Go to the line below that has "Felpa con cappuccio", print it and each line after it exactly, and stop after the line that has "Departamento de 4"; leave out pictures.
::: Source information :::
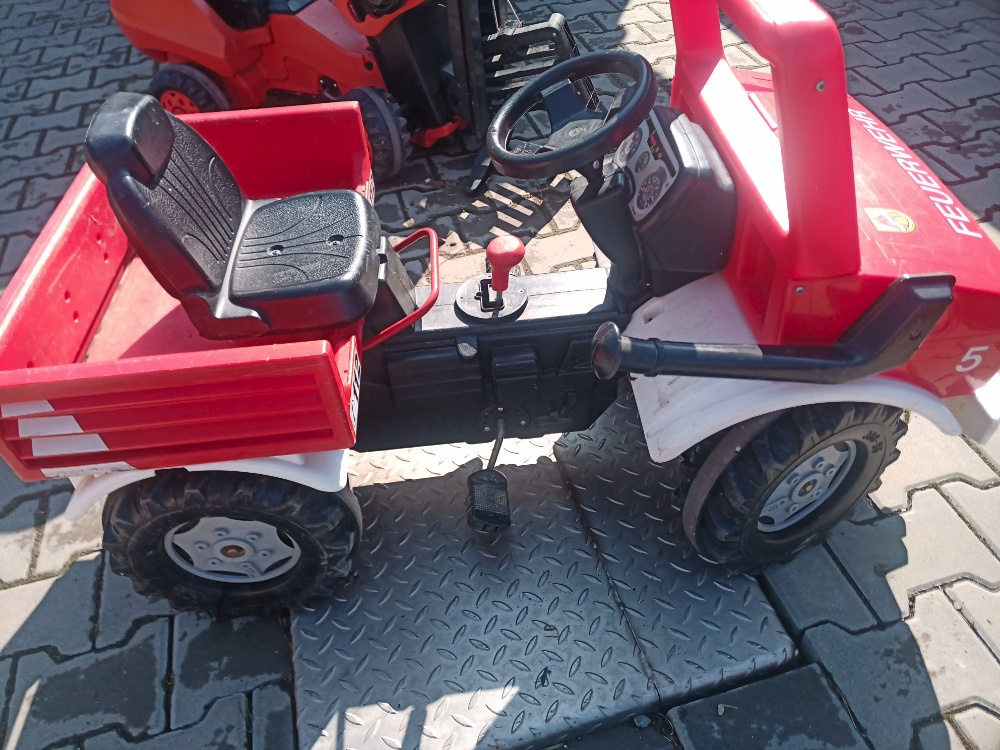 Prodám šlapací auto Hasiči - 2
:::
::: Source information :::
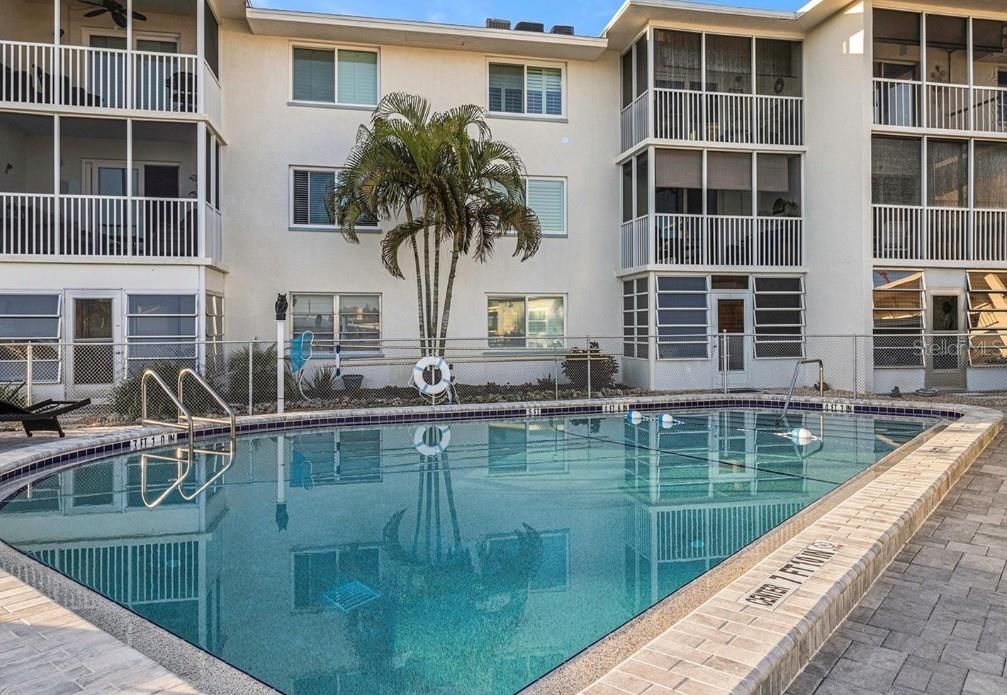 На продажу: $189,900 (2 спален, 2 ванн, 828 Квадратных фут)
:::
::: Source information :::
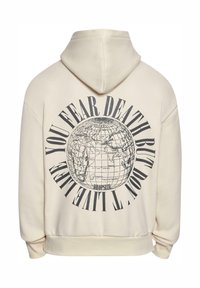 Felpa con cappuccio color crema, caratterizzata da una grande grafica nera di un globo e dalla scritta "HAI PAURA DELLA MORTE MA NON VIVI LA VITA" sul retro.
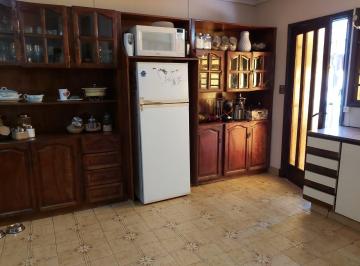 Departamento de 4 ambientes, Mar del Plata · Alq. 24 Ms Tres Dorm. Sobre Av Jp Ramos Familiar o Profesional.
:::
__Result below__
 Felpa con cappuccio color crema, caratterizzata da una grande grafica nera di un globo e dalla scritta "HAI PAURA DELLA MORTE MA NON VIVI LA VITA" sul retro.
 Departamento de 4 ambientes, Mar del Plata · Alq. 24 Ms Tres Dorm. Sobre Av Jp Ramos Familiar o Profesional.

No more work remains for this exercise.